Entre os motivos alinhados, ela citou dois. O primeiro é que alguns dos riscos refletem mudanças estruturais que afetam a oferta agregada – intensificadas pela pandemia e pela guerra na Ucrânia — e isso pode resultar em choques maiores e mais persistentes.

“Além disso, aprendemos a lição de que a Curva de Phillips não é plana de forma confiável”, acrescentou, referindo-se à teoria do economista neozelandês A. W. Phillips (1914-1975).

De acordo com essa teoria, a inflação e a taxa de desemprego têm uma relação inversa. Ou seja, quando uma aumenta, a outra diminui.

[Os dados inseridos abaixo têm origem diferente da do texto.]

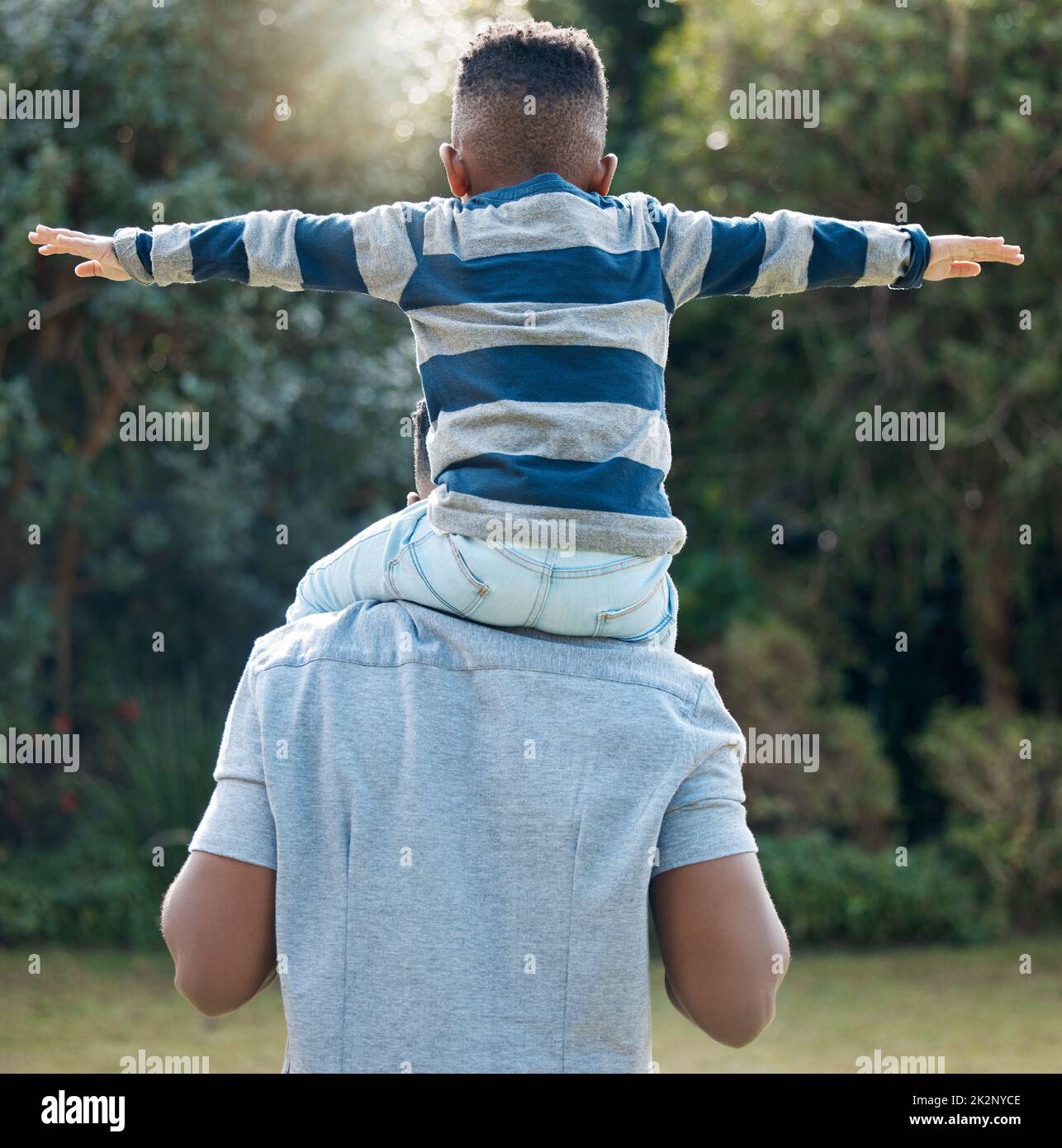 Dad giving son piggyback ride hi-res stock photography and images - Alamy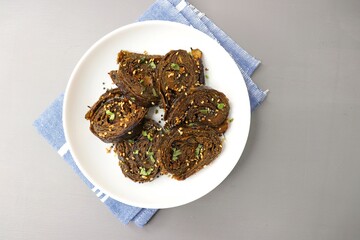 Alu Vadi, Patra, paatra, colocasia leaves roll, Patrode is a popular Indian healthy steamed snack. Garnished with sesame and mustard seeds. copy space.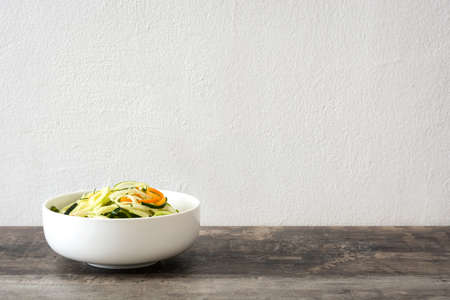 Carrot and zucchini noodles on wooden tableの写真素材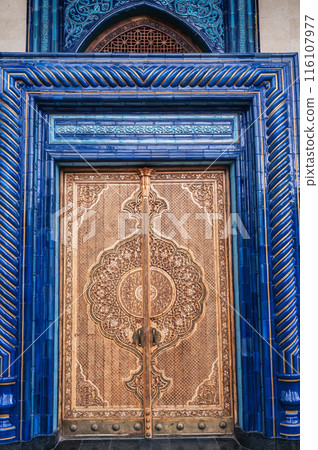 Wooden door with carved oriental pattern Uzbek ornament in Museum of Victims of Political Repression in Tashkent 116107977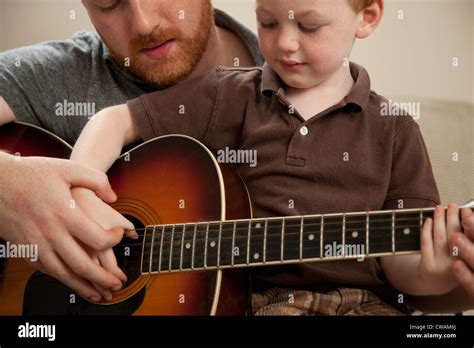 Father Teaching Son To Play Guitar Stock Photo Alamy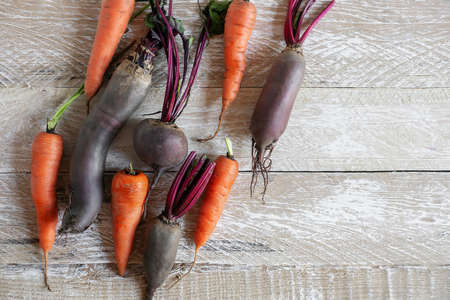 Set of bright colored vegetables on the table top view . Carrots and beets are laid out on a wooden...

Ao mesmo tempo, quando há mais empregos, os preços costumam subir. Isso quer dizer que a queda do desemprego pode influenciar no aumento da inflação, como ocorre no pós-pandemia em vários países, como nos EUA.

Gopinath, no entanto, diz estar confiante pelas ações que o BCE - e muitos outros bancos centrais - tomaram para enfrentar a inflação.

A boa notícia, afirmou, é que, embora a inflação baixa possa parecer evasiva, certamente não é estranha, e as ações dos bancos centrais podem fazer efeito: “Ao contrário dos personagens em Godot, não estamos esperando a chegada de um estranho em potencial; estamos convidando um velho amigo para voltar.”